Ann 05-27-2010 06:40 AM

Welcome Sherby.

I wonder, is it the fantasy of the perfect man that you are chasing? Many people do, and even when addiction is in the picture, many fantasize of how good life could be "of only".

The man sounds controlling to the point of being abusive almost, and I don't see much in your description of him that would appeal to anyone. You may see that man that used to be, or you may see the man that might be "if only" but sweetie, that's not the man he is and you are chasing an illusion.

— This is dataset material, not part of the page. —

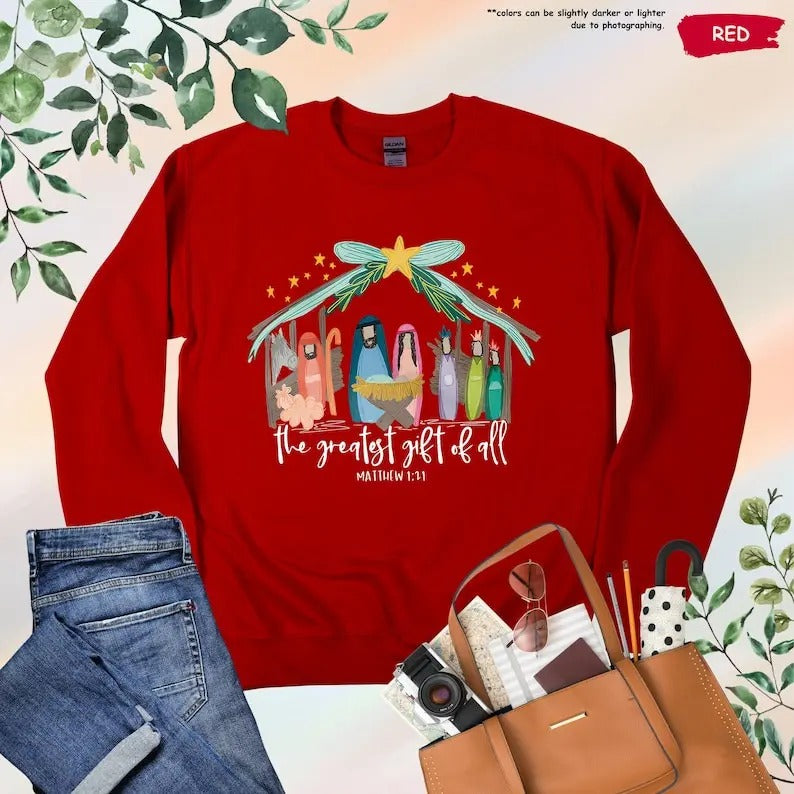 Greatest Gift Of All, Jesus Christmas Christian Sweatshirt, Women Christmas Gift, Bible Verse Xmas,Nativity Xmas,Jesus...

You say your husband is a good man, and he's either but treats you well. You may want to seek counseling and try to find out what it is that puts distance between you.

I know it's hard, and my heart goes out to you. Others will be along who have walked in your shoes, so stick around and make yourself comfortable, you are not alone here.

Hugs

suki44883 05-27-2010 06:40 AM

So, you were married and left your husband to live with this other guy and when things went south, you went back to your husband. Have I got that right? Where are you and your husband regarding the divorce? Is it proceeding or has it been put on the back burner? Neither one of these guys sound like much of a catch. I think you need to get away from both of them and work on your own issues.

sherby 05-27-2010 06:48 AM

Thank You
 

Originally Posted by suki44883 (Post 2608836)
So, you were married and left your husband to live with this other guy and when things went south, you went back to your husband. Have I got that right? Where are you and your husband regarding the divorce? Is it proceeding or has it been put on the back burner? Neither one of these guys sound like much of a catch. I think you need to get away from both of them and work on your own issues.

When me & Hubby first seperate he had cheated, I met this man the ex alcohlic during that time. Our divorce has been put on the back burner for now.
You may very well be right and I so thank you for taking the time to reply, I have thought about getting my own place.

SecretLife 05-27-2010 06:53 AM

Us Codies
 
Just my opinion, but I've found in my own life, that when things AREN'T crazy, hectic, and I'm trying to FIX the world for everyone, it feels "weird". Normal is not my style.

I'm finding thru Nar-anon/Ala-non, that I can't fix any of the craziness involved with drinking and drugs by a loved one. I have to LEARN to live without the craziness.

I think no one in active addiction can truly give their heart to anyone, maybe bc they are not in total control of themselves.

I wish you much love and wisdom in your choices.
From the Heart,
Kim

coffeedrinker 05-27-2010 06:02 PM

sherby,

welcome to sober recovery forum!

i think you just keep coming here - there is a LOT to learn, and it sinks in slowly, then makes so much sense, then becomes a part of who we are.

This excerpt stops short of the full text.